Now, the plot really couldn’t have moved forward without this conceit, both from a professional and personal perspective. And yes, I’m sure that this kind of slip up does happen among office staff that aren’t very technically minded. But these people are meant to be seasoned professionals who are presumably perfectly conversant with email. And tellingly, it was essential to the plot that these people’s Blackberries never leave their sides. It seems unlikely that anyone so reliant on mobile email would be so incompetent in its use. But then, this is drama, and Sorkin’s style of drama often does depend on contrivance to move the plot forward.
Again, we saw that here as the script upped the ante in the romance stakes this week. Aside from the constant butting heads of Will and Mackenzie (who even compared their situation to a romantic comedy), the manoeuvring of Jim and Maggie into a relationship shifted up a gear. Their impossibly witty, quickfire bickering (actually reminiscent of that by a certain Steven Moffat) was funny, but perfectly demonstrated a common criticism of Sorkin – nobody in the real world talks like that. But again, it’s a dramatic and stylistic device – who’d want to watch a show where everyone stumbles over their speech with frequent pauses, coughs and “errm”s? Amusingly, this very point was put to Sorkin on a recent episode of The Colbert Report, and Sorkin responded to Stephen Colbert with a similarly contrived ‘naturalistic’ retort that, basically, said nothing. It’s a question of dramatic style, and how well you like it is probably subjective.
All that said, it was still a dynamic, gripping piece of television, with the actual broadcast, as last week, the dramatic highlight. Predictably, Jan Brewer dropped out (I hadn’t expected them to take actual interview footage of her and use it out of context), leaving Will with a trio of ill-informed ‘average citizens’ to defend her policy. Said policy was the subject of this week’s sermonising (always an essential ingredient for Sorkin), and in keeping with Mackenzie’s new Rules, both sides of the issue were looked at. It’s clear which way Sorkin himself swings, but it was an interesting choice to have the opposite viewpoint (immigrants steal jobs from hard-pressed Americans) put by Will himself.

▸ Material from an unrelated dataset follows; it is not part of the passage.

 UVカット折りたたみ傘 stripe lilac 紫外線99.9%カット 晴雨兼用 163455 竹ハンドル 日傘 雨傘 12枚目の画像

The counterpoint, that this is basically a nasty bit of divisive racial profiling, was first stated by Neal early on in the episode – an interesting, or cliched choice depending on your viewpoint, Neal being both Indian in ethnicity and British in nationality. His impassioned plea to include an outspoken ‘illegal’ who’d had his travel to work removed for speaking his mind initially fell on deaf ears. But it was hardly a surprise that, by the end of the episode, Will’s opinions had swung Sorkin-wards, and he was up for anonymously providing said transport. A nice gesture to be sure, but to this cynical old curmudgeon, it also came across as desperately patronising: “Don’t worry, Latinos, the rich white guy has sorted it all out for you. You’re welcome.” That the episode climaxed with Radiohead’s ‘High and Dry’ juxtaposed with a long shot of the Statue of Liberty was, I’m afraid, one sickly heartstring-tugging gambit too much for me.

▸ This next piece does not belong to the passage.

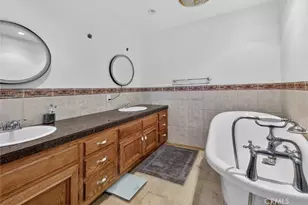 19457 Merridy St, Northridge, CA 91324 - Photo 32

It may sound like I’m being pretty harsh on the show myself, but I should make it clear that I’m still enjoying watching it, for all the flaws that I (and, it seems, many others) see in it. The characters may be stock, but they’re likeable (except Don, who continues to be a one-dimensional asshole). They may speak with a degree of wit and passion rarely seen in reality, but it makes them more entertaining, in this kind of show, than the bumblingly naturalistic ones in other (equally valid) dramas. And that’s because they’re Sorkin characters – how you cope with that depends on your tolerance for his style. It’s interesting to note that his recent excursion into characters based on reality – The Social Network – contrived to do precisely the opposite, presenting all its characters as venal and unsympathetic. The Newsroom, like The West Wing before it, really is about idealism. It’s not perfect, and Sorkin may not be the god of dramatists many hold him up to be. But this week, like the last, still entertained and informed in a way that’s increasingly unusual in actual US news.